Головенко недоумевающе быстро взглянул на Дубовецкого. Дед Шамаев толкнул Марью Решину под руку и что-то спросил. Марья недоуменно пожала плечами. По залу прокатился ропот. Бобров выждал и отчетливо произнес:
– Лично я уверен совершенно. Думаю, что эту уверенность разделяют и товарищи, которые работают со мной. Например, товарищ Решина и ее звено, товарищ Шамаев. Весной есть возможность сеять отборными семенами уже не опытным порядком, а в порядке массового сева.

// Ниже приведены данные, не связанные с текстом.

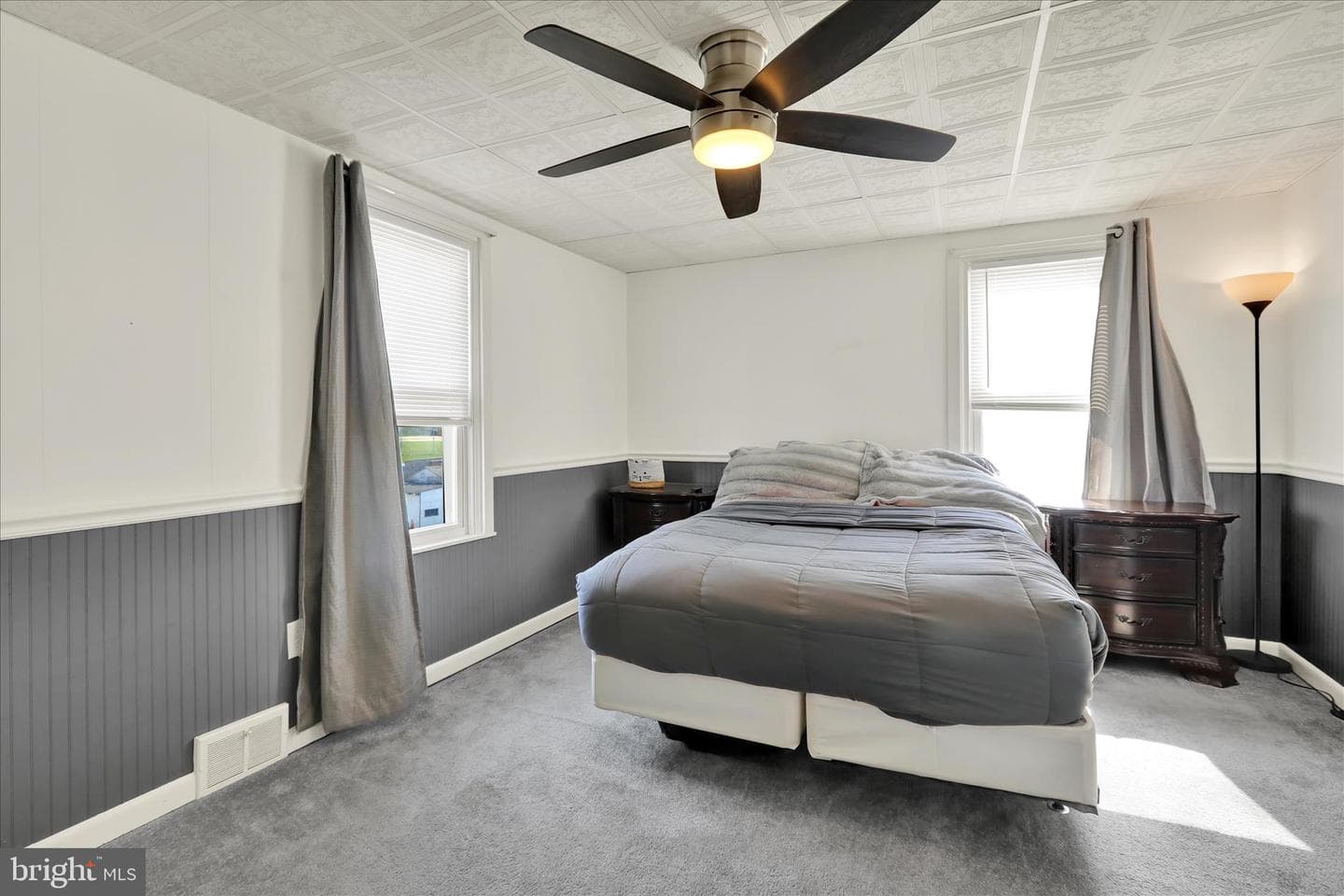 1410 Margaret Street photo 21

В прениях Дубовецкий выступил первым.
– Мы, ученые, призваны двигать нашу науку на благо нашей родины, глубоко изучая труды передовых ученых как нашей страны, так и зарубежных стран… – Дубовецкий с победным видом окинул взглядом слушателей. – Такое положение, – продолжал он, отпив из стакана, – налагает на нас, ученых, обязанность овладеть вершинами мировой науки…

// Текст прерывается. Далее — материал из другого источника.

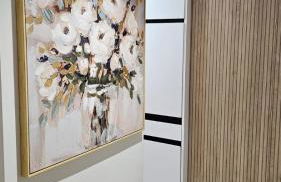 Apartamento Parque de María Luisa - Foto 13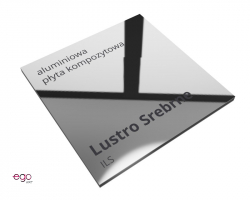 dibond-lustro-srebrne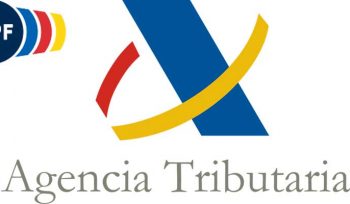 Campaña IRPF 2020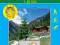 MAYRHOFEN Austria mapa turystyczna 1:50 000 FB
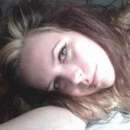 Indulge in Pure Bliss with Angelia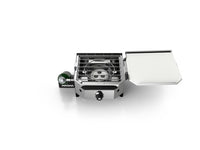 Magma Marine Crossover Single Burner Firebox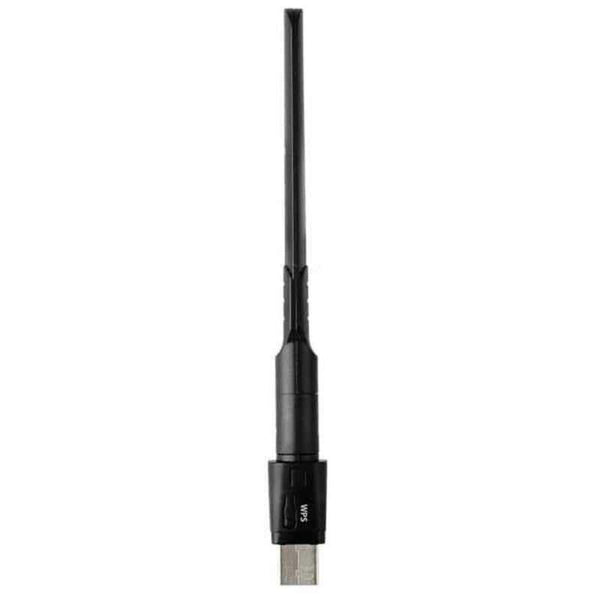 Schnittstelle Edimax EW-7822UAD WiFi 5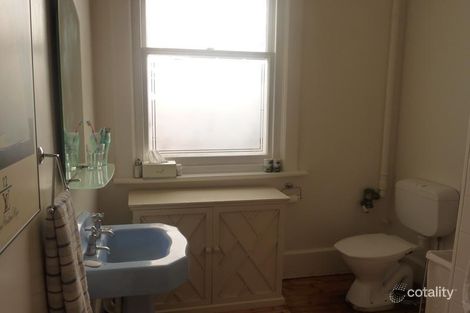 Property photo of 3 Stowell Avenue Battery Point TAS 7004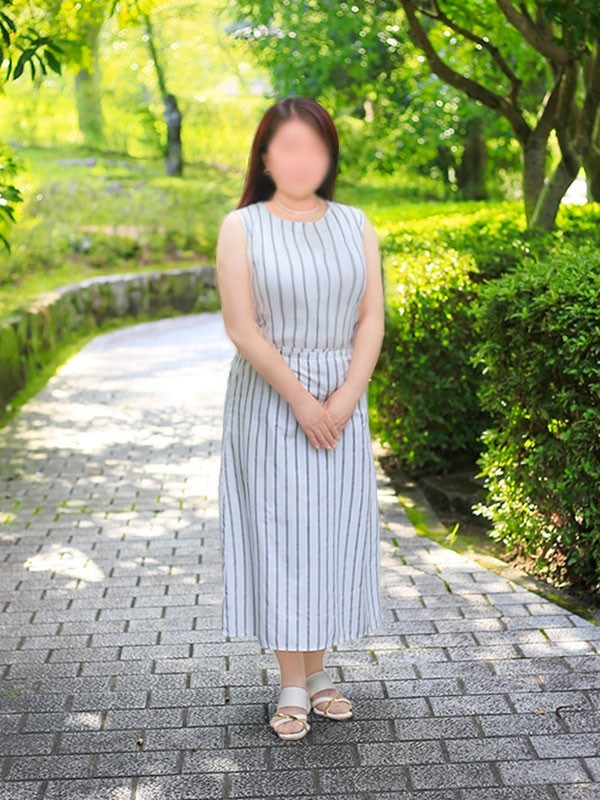 浜辺美帆（こあくまな人妻・熟女たち　東広島店　(KOAKUMAグループ)）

Дубовецкий пустился в пространное изложение достижений мировой науки; замелькали трудно выговариваемые иностранные фамилии; Дед Шамаев не выдержал и плюнул с досады. Кто-то из зала крикнул:
– Ближе к делу.
Дубовецкий сделал паузу.
– Несомненно, для нас, ученых, отраден факт, что в вашем районе имеется агроном, практический работник, который взялся за научную работу. Но из довольно пространного доклада его нетрудно понять, что эта работа лишена научной основы. Это лишь практические опыты – не больше. А как известно – практика без теории слепа. Я рекомендую и рекомендовал товарищу Боброву познакомиться детально с работами мировых выдающихся ученых – Вейсмана, Менделя, Моргана, Шредингера и ряда других, работы которых освоены и развиты нашим советским ученым профессором Московского университета Завадовским, академиком Шмальгаузеном и другими. Если бы товарищу Боброву были известны труды вышеназванных ученых, он не впал бы в ошибку в исходном своем положении. Сейчас уже доказано, что внешняя среда не может влиять на растение в такой степени, чтобы изменить его наследственность. Следовательно…

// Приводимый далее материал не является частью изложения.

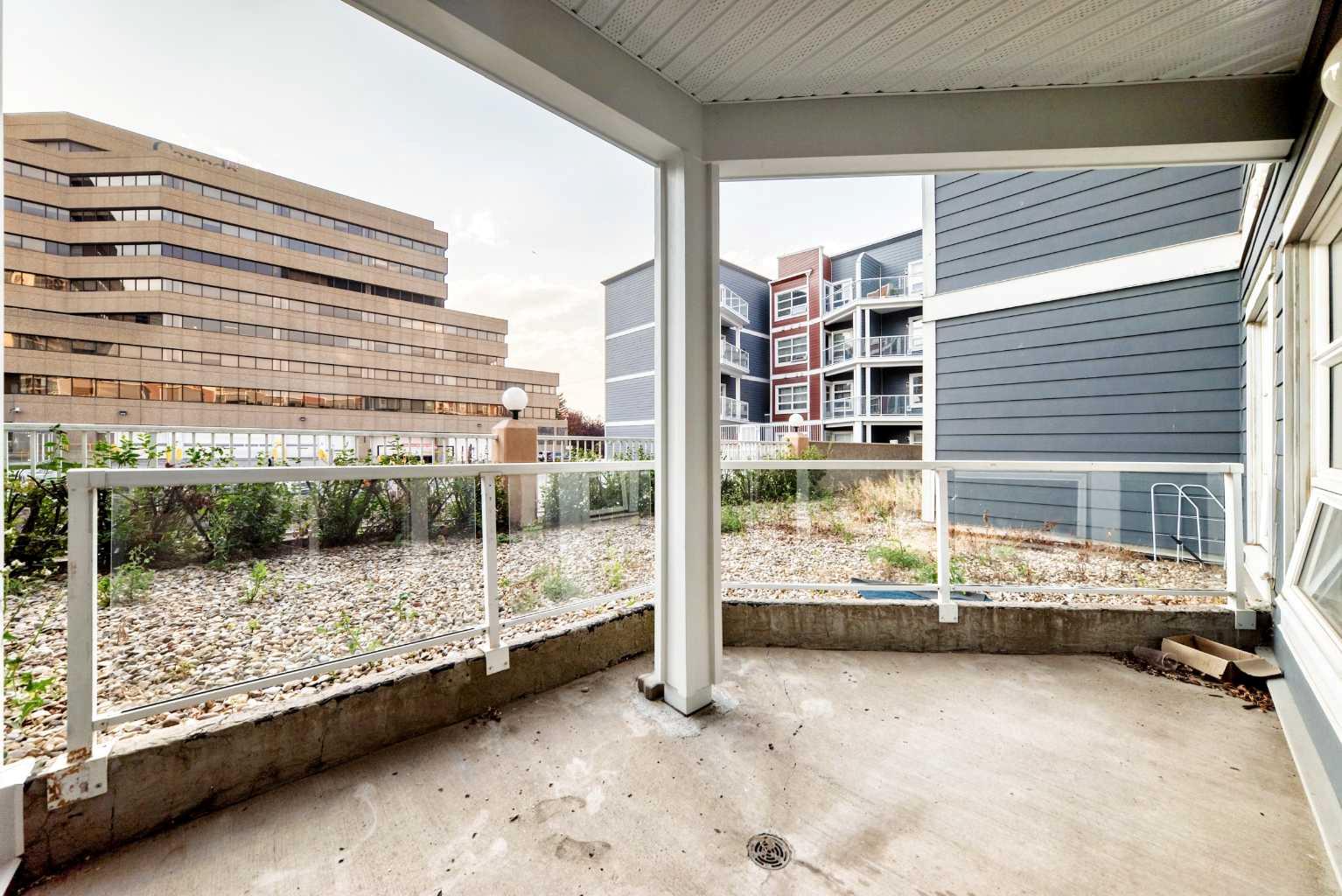 109, 333 Riverfront Avenue SE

– Это почему же? – раздался в тишине возмущенный голос Марьи Решиной.
Дубовецкий обернулся на голос и из-под очков довольно долго рассматривал Решину:
– Я не хотел затрагивать сугубо теоретических вопросов, они не совсем будут понятны в этой аудитории… Видите ли, в каждом живом организме, следовательно, и в растении, заложено наследственное вещество, которое остается неизменным всегда. Оно не зависит от развития самого организма растения… Это было высказано еще великим Дарвином, это же положение поддерживает академик Шмальгаузен.
– А вы как считаете? – не вытерпел Головенко.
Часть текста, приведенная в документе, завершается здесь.